Next, we investigated whether disrupting the association between CPEB2 and eEF2 affects HIF-1α expression in vivo. Because eEF2 is an essential and abundant translational factor, its ectopic expression alone was insufficient to override the function of endogenous eEF2. Thus, we tested the F794A mutant under knockdown of endogenous eEF2 condition. HeLa cells were transfected with plasmids lacking (siCtrl) or containing a short hairpin sequence for human eEF2 (siheEF2) and subjected to puromycin selection. Both shRNA sequences, specifically knocking down human but not mouse eEF2, decreased endogenous eEF2 after 4 days (Figure 2c). HeLa cells were then transfected with the siheEF2 and flag-meEF2 (wild-type, mut2, or mut3) plasmids and subjected to puromycin and G418 selection for four days. Cells that survived were incubated with S³⁵-methionine/cysteine to metabolically label synthesized proteins. The expression of the F794A or D815A mutant did not affect general protein synthesis (Figure 2d). However, the level of HIF-1a, but not CPEB2 or β-actin, was selectively increased in HeLa cells reconstituted with the F794A mutant (Figure 2e). Supplementary Figure S1 shows the uncropped immunoblot images. Thus, the eEF2 F794A mutation influences the translation of CPEB2-targeted HIF-1α mRNA without affecting general translation function.

Discussion

Identifying PPI-hot spots is challenging especially when the complex structure is lacking. A key hurdle is the lack of experimental data on PPI-hot spots, which hampers the training of accurate machine-learning models for their prediction. Here, we have introduced two novel elements that have helped to identify PPI-hot spots using the unbound structure. First, we have constructed a dataset comprising 414 experimentally known PPI-hot spots and 504 nonhot spots, and carefully checked that PPI-hot spots have no mutations resulting in ΔΔG^bind < 0.5 kcal/mol, whereas nonhot spots have no mutations resulting in ΔΔG^bind ≥ 0.5 kcal/mol or impact binding in immunoprecipitation or GST pull-down assays (see Methods). In contrast, SPOTONE⁵³ employed nonhot spots defined as residues that upon alanine mutation resulted in ΔΔG^bind < 2.0 kcal/mol. Notably, previous PPI-hot spot prediction methods did not employ PPI-hot spots whose mutations have been curated to significantly impair/disrupt PPIs in UniProtKB (see Introduction). Second, we have introduced novel features derived from unbound protein structures such as the gas-phase energy of the target protein relative to its unfolded state. The importance test results indicated the gas-phase energy as an important feature. This finding can be rationalized by considering how PPI-hot spots make significant contributions to the overall binding free energy, ΔG^bind. PPI-hot spots can enhance favorable enthalpic contributions to the ΔG^bind through hydrogen bonds or vdW contacts across the protein’s interface. This makes them energetically unstable in the absence of the protein’s binding partner and solvent, hence the gas-phase energy was found to be an important input feature. Alternatively, PPI-hot spots can counteract unfavorable entropic loss upon protein binding by maintaining an optimal binding scaffold, hence they are energetically stable.

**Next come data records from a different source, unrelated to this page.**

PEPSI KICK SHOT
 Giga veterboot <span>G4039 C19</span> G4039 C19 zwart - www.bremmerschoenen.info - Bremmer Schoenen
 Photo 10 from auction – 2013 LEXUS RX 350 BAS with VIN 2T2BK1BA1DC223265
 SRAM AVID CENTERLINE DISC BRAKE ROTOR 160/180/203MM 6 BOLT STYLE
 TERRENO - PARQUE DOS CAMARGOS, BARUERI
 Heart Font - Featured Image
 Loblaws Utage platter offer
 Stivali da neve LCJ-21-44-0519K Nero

Methods that rely on complex structures generally predict residues that make multiple contacts across the protein-protein interface as PPI-hot spots. Some of these methods assume that PPI-hot spots are exclusively located at the interface and aim to spot them among the interface residues.⁴⁰ In contrast, PPI-Hotspot^ID leverages evolutionary conservation, residue type, and stability principles based on the free protein structure to detect PPI-hot spots, including those lacking direct contact with the partner protein. Such noninterface PPI-hot spots may serve to maintain an optimal scaffold for protein binding, and are not uncommon: from our analysis of the 243 true PPI-hot spots in proteins with the complex structures, we found 67 “noninterface” PPI-hot spots with no hydrogen bonds and/or vdW contacts across the protein interface. PPI-Hotspot^ID identified 43 of these 67 noninterface PPI-hot spots. An illustrative

example is the binding of Golgi resident protein (GCP60) with phosphatidylinositol 4-kinase β (PI4K—β). PPI-Hotspot^ID correctly predicted all 4 experimentally known GCP60 PPI-hot spots including F19 and Y46, which do not form hydrogen bonds across the interface with PI4K—β (Figure 3). These results highlight the ability of PPI-Hotspot^ID to identify PPI-hot spots involved in indirect interactions with partner proteins.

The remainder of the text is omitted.